The integer index of the last matched capturing group, or None if
no group was matched at all.

also see:

http://effbot.org/zone/xml-scanner.htm

</F>

Nov 22 '05 #7

This thread has been closed and replies have been disabled. Please start a new discussion.

Similar topics

2
by: Mr.Clean | last post by:
I am working on modifying a syntax highlighter written in javascript and it uses several regexes. I need to add a language to the avail highlighters and need the following regexes modified to...
7
by: bill tie | last post by:
I'd appreciate it if you could advise. 1. How do I replace "\" (backslash) with anything? 2. Suppose I want to replace (a) every occurrence of characters "a", "b", "c", "d" with "x", (b)...
1
by: DKode | last post by:
I have the following regex that I am using: Match match = Regex.Match(global, "%(?<column>.+?)%"); my input string (global) is this: "something\%username%\somethingelse\%match2%\some\%match3%...
10
by: Chance Hopkins | last post by:
I'm trying to match a set of matches after some initial text: mytext: "something" "somethingelse" "another thing" "maybe another" (?:mytext: )(?<mymatch>{1,1}+{1,1}+)+ I only get the last one...
2
by: Ed Brown | last post by:
I'm working on a VB.Net application that needs to do quite a bit of string pattern matching, and am having problems using the "LIKE" operator to match the same string twice in the pattern. For...
0
by: Talin | last post by:
I've run in to this problem a couple of times. Say I have a piece of text that I want to test against a large number of regular expressions, where a different action is taken based on which regex...
5
by: Chris | last post by:
How Do I use the following auto-generated code from The Regulator? '------------------------------------------------------------------------------ ' <autogenerated> ' This code was generated...
1
by: al.moorthi | last post by:
the below program is working in Suse and not working on Cent 5: can any body have the solution ? #include <regex.h> #include <stdlib.h> #include <stdio.h> int main(){ char cool =...
5
by: mikko.n | last post by:
I have recently been experimenting with GNU C library regular expression functions and noticed a problem with pattern matching.

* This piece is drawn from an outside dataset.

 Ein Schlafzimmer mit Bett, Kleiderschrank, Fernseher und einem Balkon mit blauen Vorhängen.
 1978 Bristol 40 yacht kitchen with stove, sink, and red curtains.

It seems to recognize only the first match but ignoring the rest of...
0
by: Hystou | last post by:
There are some requirements for setting up RAID: 1. The motherboard and BIOS support RAID configuration. 2. The motherboard has 2 or more available SATA protocol SSD/HDD slots (including MSATA, M.2...
0
Oralloy
by: Oralloy | last post by:
Hello folks, I am unable to find appropriate documentation on the type promotion of bit-fields when using the generalised comparison operator "<=>". The problem is that using the GNU compilers,...
0
tracyyun
by: tracyyun | last post by:
Dear forum friends, With the development of smart home technology, a variety of wireless communication protocols have appeared on the market, such as Zigbee, Z-Wave, Wi-Fi, Bluetooth, etc. Each...
0
agi2029
by: agi2029 | last post by:
Let's talk about the concept of autonomous AI software engineers and no-code agents. These AIs are designed to manage the entire lifecycle of a software development project—planning, coding, testing,...
1
isladogs
by: isladogs | last post by:
The next Access Europe User Group meeting will be on Wednesday 1 May 2024 starting at 18:00 UK time (6PM UTC+1) and finishing by 19:30 (7.30PM). In this session, we are pleased to welcome a new...
0
by: TSSRALBI | last post by:
Hello I'm a network technician in training and I need your help. I am currently learning how to create and manage the different types of VPNs and I have a question about LAN-to-LAN VPNs. The...
0
by: adsilva | last post by:
A Windows Forms form does not have the event Unload, like VB6. What one acts like?
0
by: 6302768590 | last post by:
Hai team i want code for transfer the data from one system to another through IP address by using C# our system has to for every 5mins then we have to update the data what the data is updated ...
0
muto222
php
by: muto222 | last post by:
How can i add a mobile payment intergratation into php mysql website.

By using Bytes.com and it's services, you agree to our Privacy Policy and Terms of Use.

To disable or enable advertisements and analytics tracking please visit the manage ads & tracking page.